Without the pictures, print the lines from the one holding "Sterownik / Moduł" through the last line below, both included, exactly as they stand.
[[ Supplied material, beginning ]]
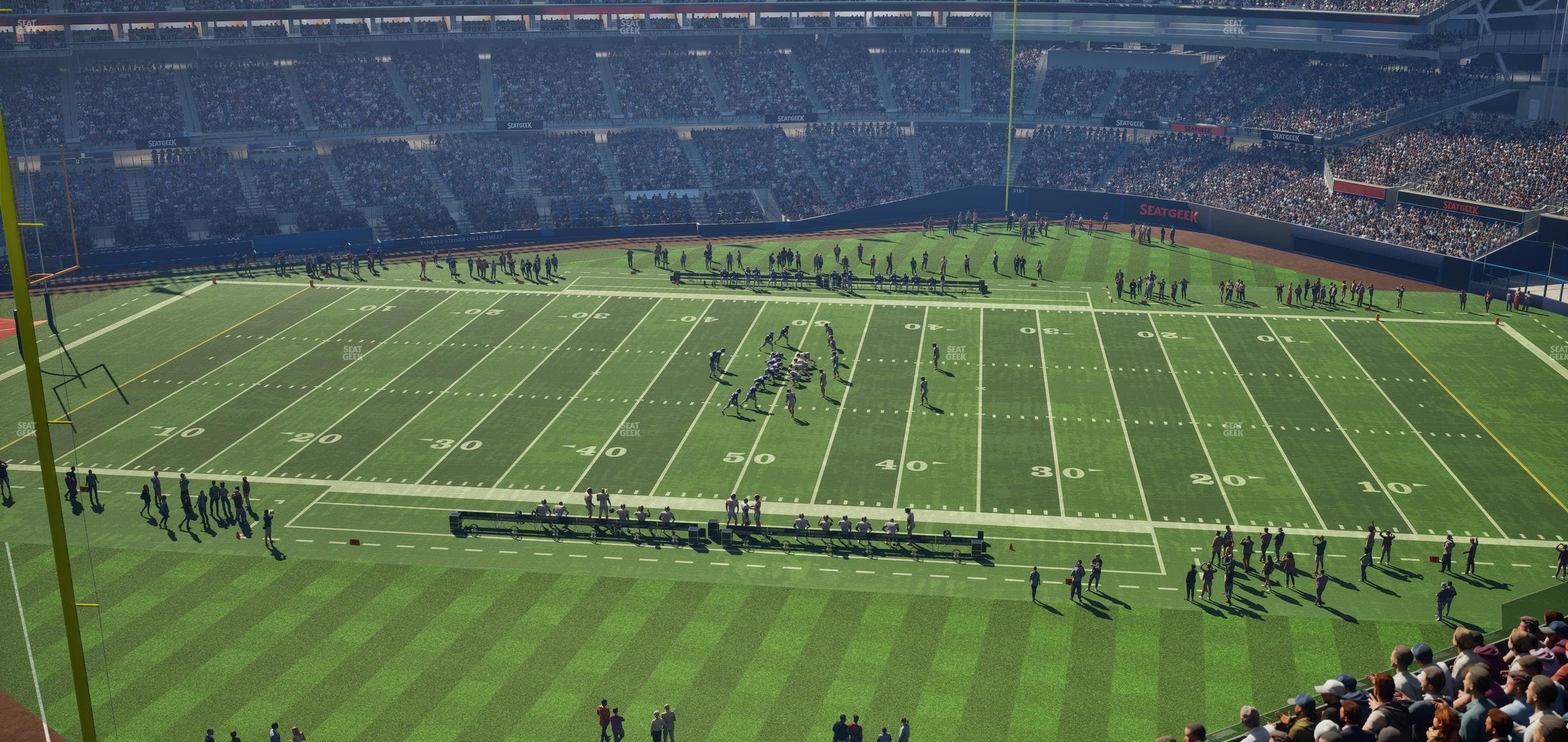 Yankee Stadium - Section Grandstand Level 407 A Seat View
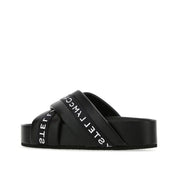 Stella McCartney Black Polyethylene Slippers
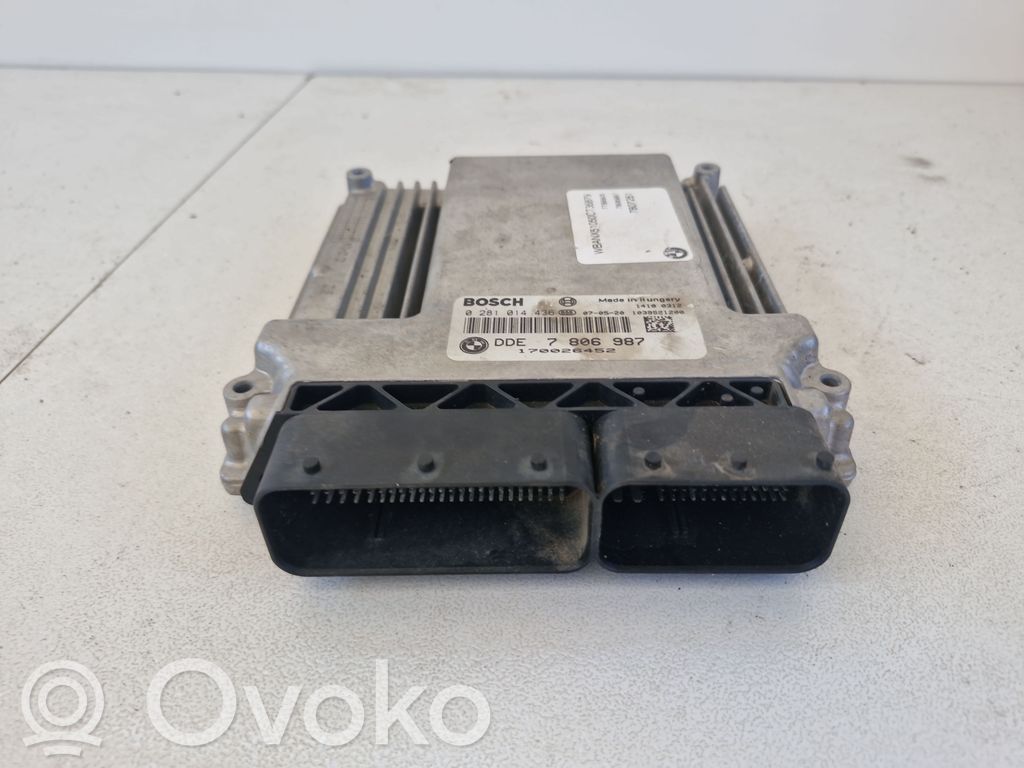 Sterownik / Moduł ECU   7806987,0281014436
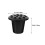 40pcs Plastic Cemetery Vase 16-Hole Flower Holder 11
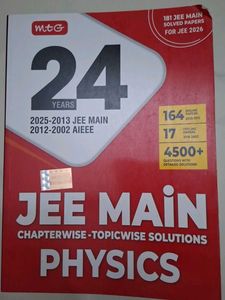 JEE Main Physics - MTG 24 Years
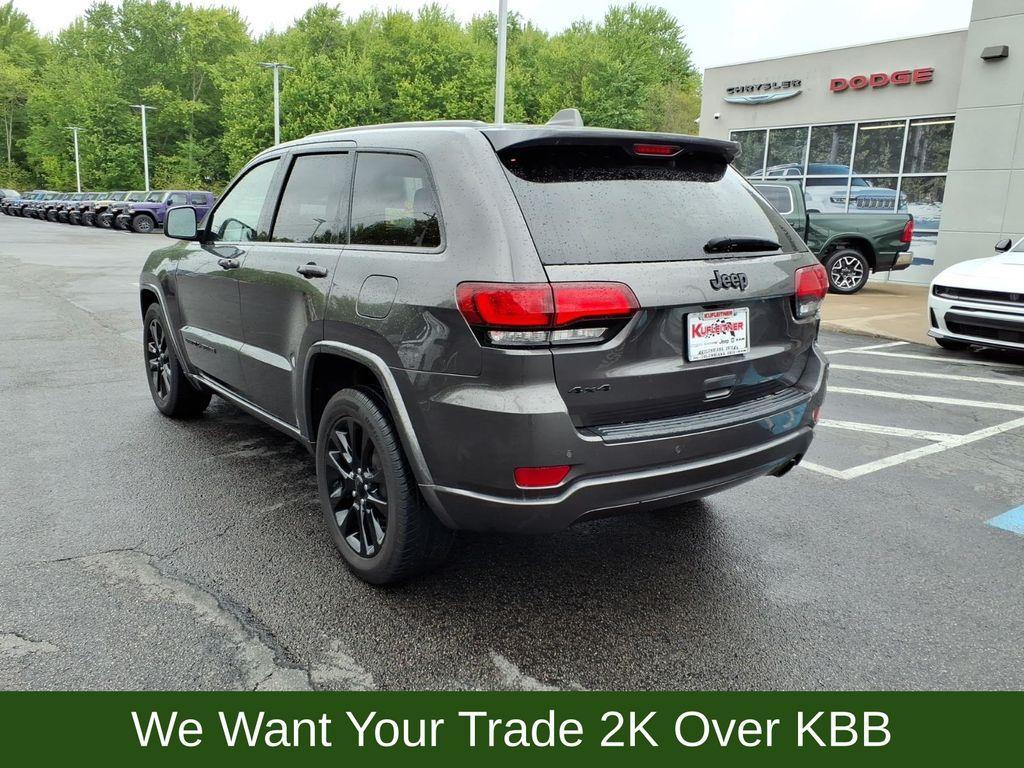 used 2019 Jeep Grand Cherokee car, priced at $21,000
[[ Supplied material, end ]]
→ Expected output
 Sterownik / Moduł ECU   7806987,0281014436
 40pcs Plastic Cemetery Vase 16-Hole Flower Holder 11
 JEE Main Physics - MTG 24 Years
 used 2019 Jeep Grand Cherokee car, priced at $21,000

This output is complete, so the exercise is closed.